La question de l’impact des phytos sur la santé et l’environnement est devenue plus prégnante à la fin des années quatre-vingt-dix, début des années 2000. Au moment de l’affaire du « Gaucho », notamment, qui est intervenue à la même période que les questionnements sur les OGM. « Le fait que ça touche les abeilles a certainement éveillé les consciences et a favorisé une communication importante et régulière des médias envers le grand public », confirme Jérôme Jullien, expert référent national en surveillance biologique du territoire à la DGAL (Direction générale de l’alimentation). Lindane ou fipronil… à la même période d’autres substances sont entrées dans la tourmente. Le glyphosate et les néonicotinoïdes sur betteraves ont aujourd’hui pris le relais.

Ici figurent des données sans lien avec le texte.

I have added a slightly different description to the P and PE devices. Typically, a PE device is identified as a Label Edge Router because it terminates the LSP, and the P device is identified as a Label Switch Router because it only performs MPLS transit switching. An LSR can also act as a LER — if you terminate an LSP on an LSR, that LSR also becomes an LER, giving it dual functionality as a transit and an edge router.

Dans ce contexte, la protection intégrée, définie depuis de nombreuses décennies, est apparue comme un bon compromis. L’idée étant de rechercher un équilibre au sein de l’agrosystème en limitant au maximum l’emploi des produits phytopharmaceutiques. C’est ainsi que les différents plans Écophyto (2018, II et II +), et en Europe la directive 2009/128, ont inscrit le retrait des molécules les plus dangereuses (diméthoate, métam-sodium, phosmet, benfluraline, chlorothalonil…) et plus généralement leur réduction d’emploi (restrictions réglementaires avec les ZNT riverains, le plan pollinisateurs…).

- Le 27 décembre 2019, deux textes sont parus au journal officiel pour fixer des distances minimales de non-traitement à respecter près des habitations.

En France, cela a abouti, par exemple, à la mise en place de fermes Dephy, au dispositif de certificat d’économie de produits phytopharmaceutiques (CEPP) ou encore à la stratégie nationale du déploiement du biocontrôle. Quand on dénombrait au début des années quatre-vingt-dix pratiquement 1 000 substances actives autorisées en Europe, en 2022 il n’en restait qu’un peu plus de 300. Le ministère a confirmé cet automne une diminution des ventes de spécialités depuis 2016.